Quando os Estados Unidos falam, o mundo escuta. Afinal, é a potência mais influente do mundo. Isso não se deve apenas a seu tamanho e sua riqueza, mas também à potência de suas alianças e ao seu papel central na criação das instituições e princípios da ordem atual.

O país desempenhou um papel decisivo na criação das instituições de Bretton Woods, do Acordo Geral sobre Tarifas e Comércio e da OMC (Organização Mundial do Comércio). Promoveu oito rodadas sucessivas de negociações comerciais multilaterais. Ganhou a Guerra Fria contra a União Soviética. E desde o início dos anos 1980 pressionou por uma abertura ampla e profunda da economia mundial, acolhendo a China na OMC em 2001. Quer gostemos quer não, todos vivemos no mundo que os Estados Unidos fizeram.

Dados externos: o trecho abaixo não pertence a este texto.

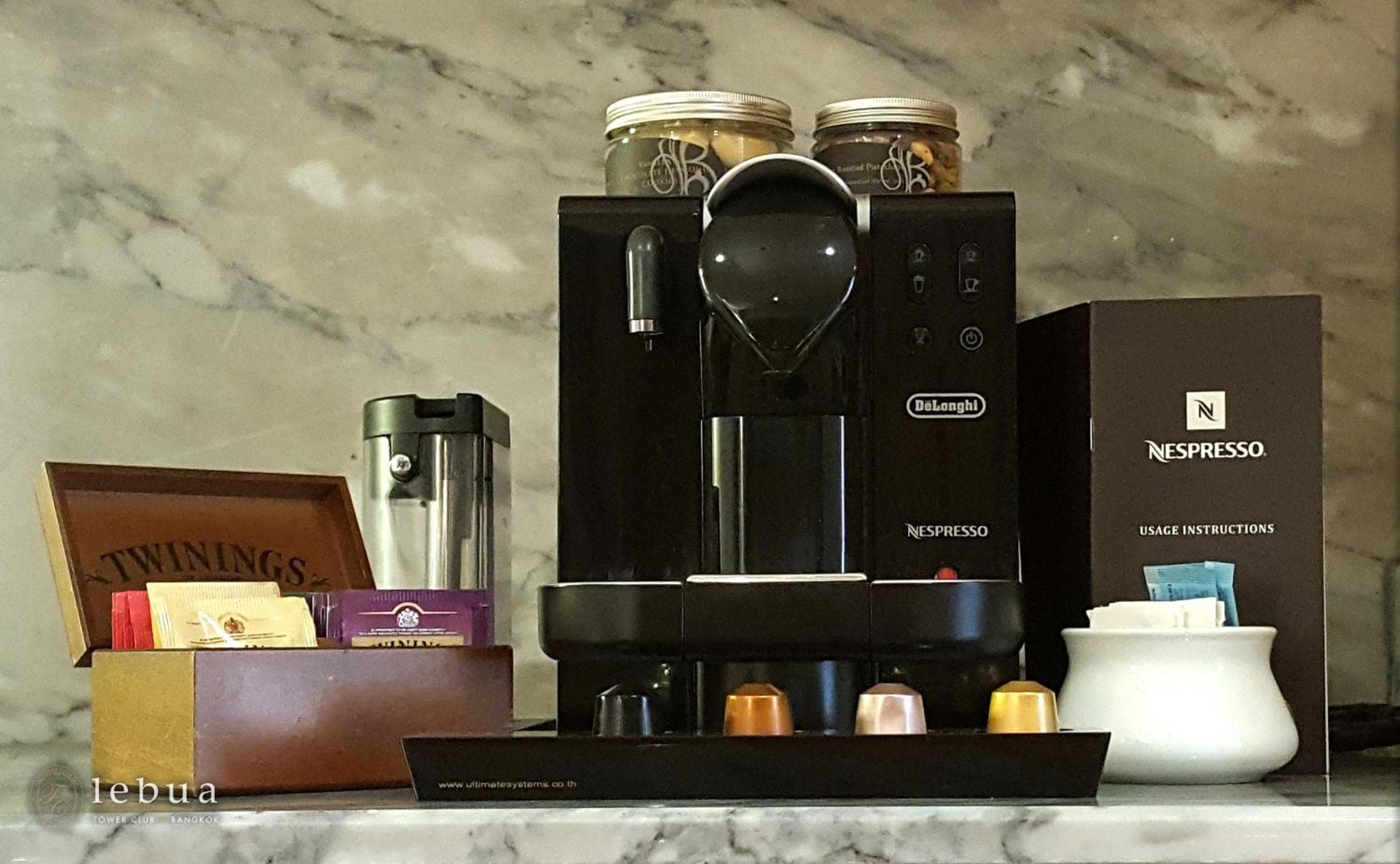 lebua at State Tower hotel, State Tower 1055 Silom Road, Bangrak, Bangkok, Thailand — photo 38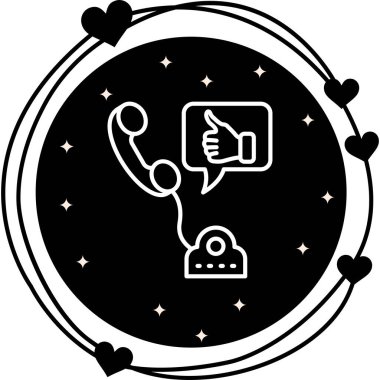 En İyi Müşteri Deneyimi Satır Simgesi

Agora, sofrendo o arrependimento do comprador, decidiu refazê-lo. Janet Yellen, a secretária do Tesouro, delineou os aspectos econômicos da nova visão dos EUA num discurso proferido em 20 de abril. Sete dias depois, Jake Sullivan, o conselheiro de segurança nacional de Joe Biden, fez um discurso ainda mais amplo, embora complementar, sobre "Renovar a liderança econômica americana".

O conselheiro de segurança nacional de Joe Biden, Jake Sullivan - Kevin Lamarque - 24.abr.2023/Reuters

Ele representou um repúdio às políticas passadas. Poderia ser visto apenas como um retorno ao intervencionismo de Alexander Hamilton. No entanto, desta vez, a agenda não é para um país nascente, mas para a potência dominante no mundo.

O que Sullivan estava dizendo? E o que isso pode significar para os EUA e para o mundo?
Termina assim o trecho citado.